Priscilla was a different breed. The epitome of pride. A pride Camille craved.
Priscilla, Camille’s younger sister, was the family favorite. The one with the beautiful face, the undefeatable dominant desire, and the pride that caused her to exceed expectations in every avenue—school, sports, skincare, beauty. Camille’s achievements always landed second. Their father encouraged Priscilla and placated Camille. Camille didn’t hate Priscilla. She didn’t blame her either.

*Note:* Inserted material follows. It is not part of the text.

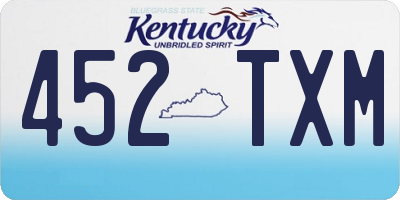 KY license plate 452TXM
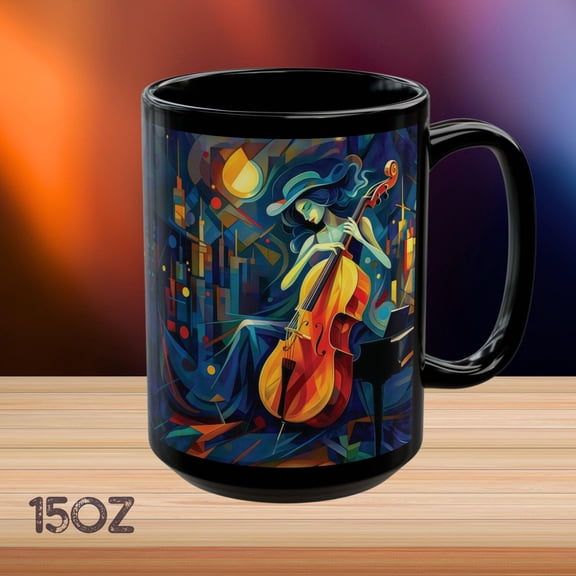 Jazz Club Musician Mug, Abstract Cello Art Coffee Mug, Cellist Gift, Music Lover Decor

Priscilla was the favorite—the pride of the Prestige family. Camille just wanted to be beautiful. Praised. Encouraged. Loved.
The whisper came after an awkward holiday dinner. Low. Voiceless. Calling from a hill near their home. Camille saw it from her bedroom window. She avoided it at first. Something inside her told her it was wrong. It called to the envy she tried to suppress.
Then, on Christmas Day, Camille glanced at a gift she received, labeled “Not Priscilla.” A common joke her parents passive-aggressively used to “motivate” Camille to be “better.”
That night, Camille’s heart cracked, and her envy oozed into her being. It had always been contained, but now the slime of her envy seeped into the cracks along the walls of her soul.
Camille marched to the soil with one of the few medals she ever won. A second-place, “thanks for participating” medal she earned doing her best in a sport she only played for her parents’ attention, approval, and acceptance.
There, on the hill, Camille came upon the plot. The soil pulsed—black-violet, breathing between the stones. The plot was empty. Waiting for something to be planted. An offering.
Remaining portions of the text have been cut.